Total views : 239

Semi-Supervised Distributional Vector Generation Techniques for Text Classification

Affiliations

  • Computer Science and Engineering Department, Jyothi Engineering College, Cheruthuruthy - 679531, Kerala, India

Abstract


Text class has loved its privilege as a core studies area in text mining. Supervised, unsupervised are the 2 famous paradigms within the technique of type. Relatively novel method of classification is semi-supervised mastering which is midway among the supervised and unsupervised getting to know. With smaller schooling statistics units and taking the large without problems to be had unlabeled data, the procedure of studying in class is refined. There are versions in semisupervised, transductive gaining knowledge of wherein the trained and untrained facts are given in advance the classifier is built, the goal is to expect the magnificence label of untrained data. The opposite version is inductive learning in which the labeled and unlabeled statistics is utilized in model constructing; goal of the version is to predict the unseen information magnificence label. The paper aims to using transductive getting to know to classifying the textual statistics with the aid of considering the phrases appearing in special parts of the record. The words performing inside the introductory and conclusion a part of the files may additionally play important function within the procedure of type, than the ones seemed in other parts. The approach employed could provide one of a kind weights to words primarily based on their presence in one-of-a-kind role of the document. Taking into consideration the above within the procedure of mapping the textual facts into numerical patterns editions of distributed vector generations are acquired. Taking into account large differences in the duration of the documents, distinct normalization techniques are employed which gave eights one-of-a-kind vectors. Non-parametric, most effective to put into effect ok-nearest neighbour algorithm is hired for free-go with the flow textual classification.

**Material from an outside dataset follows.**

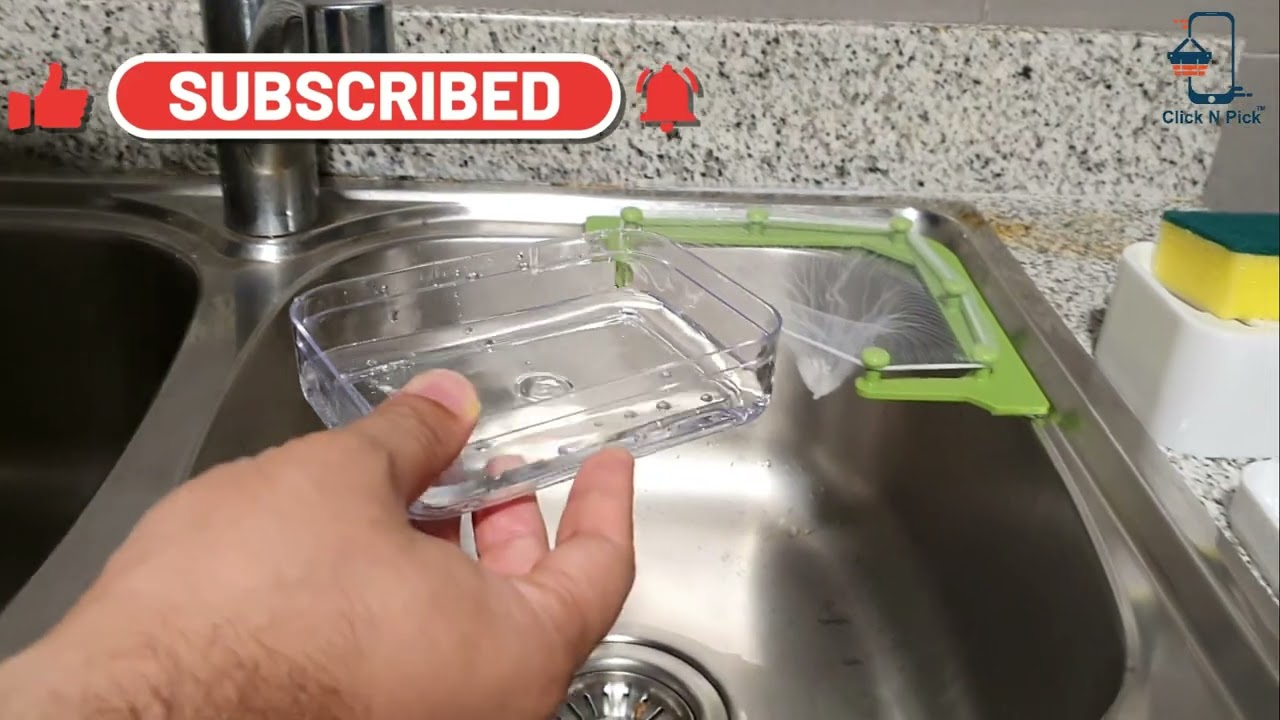 COOK IT WELL&reg; Soap Dispenser, 2 in 1 Dish Wash Soap Dispenser with Sponge Holder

The outcomes received conclude that semi-supervised textual class can be carried out without loss in category accuracy where restrained skilled records is to be had, as the accuracies of the gaining knowledge of model in supervised and emi-supervised coincide with each other.

Keywords

Distributional Vectors, KNN, Semi-Supervised, Text Classification, Transductive Learning.

Full Text:

 |  (PDF views: 199)

References


  • Sebastiani FS, et al. An improved boosting algorithm and its application to automated text categorization. Proceedings of CIKM-00, 9th ACM International Conference on Information and Knowledge Management’ McLean, VA. 2000. p. 78–85.
  • Available from: http://www.daviddlewis.com/resources/testcollections/reuters21578/
  • Raschka. Naive bayes and text classification I-introduction and theory. 2014 Oct.
  • Wang C, et al. Text classification with heterogeneous information network kernels. 13th AAAI Conference on Artificial Intelligence; 2016.
  • Collobert R, et al. Natural language processing (almost) from scratch. The Journal of Machine Learning Research. 2011; 12(2011):2493–537.
  • Nayef N. Text zone classification using unsupervised feature learning. 13th International Conference on Document Analysis and Recognition; 2015. p. 776–80.
  • Wajeed MA, et al. Text classification using machine learning. Journal of Theoretical and Applied Information Technology. 2009; 7(2):119–23.
  • Available from: tartarus.org/~martin/PorterStemmer
  • Cunnigham P, et al. K-nearest neighbour classifiers. Technical Report; UCD-CSI 2007-4.
  • Aha DW, et al. Instance-based learning algorithms. Machine Learning. 1991; 6:37–66.
  • Yeung C-MA, et al. A k-nearest-neighbour method for classifying web search results with data in folksonomies. 2008 IEEE/WIC/ACM International Conference on Web Intelligence and Intelligent Agent Technology; 2008. p. 70–6.
  • Harish BS, et al. Representation and classification of text documents: A brief review. IJCA. 2010; Special Issue on RTIPPR(2):110–9.
  • Wajeed MA, et al. Text classification using KNN classifier. International Journal of Computer Science and System Analysis. 2009 Jul-Dec; 3(2):83–7.
  • Wajeed MA, et al. Supervised and semi-supervised learning in text classification using enhanced KNN algorithm (A comparative study of supervised and semi-supervised classification in text categorization) International Journal of Intelligent Systems Technologies and Applications Journal. 2012; 11(3/4):179–95.

Refbacks

  • There are currently no refbacks.


Creative Commons License
This work is licensed under a Creative Commons Attribution 3.0 License.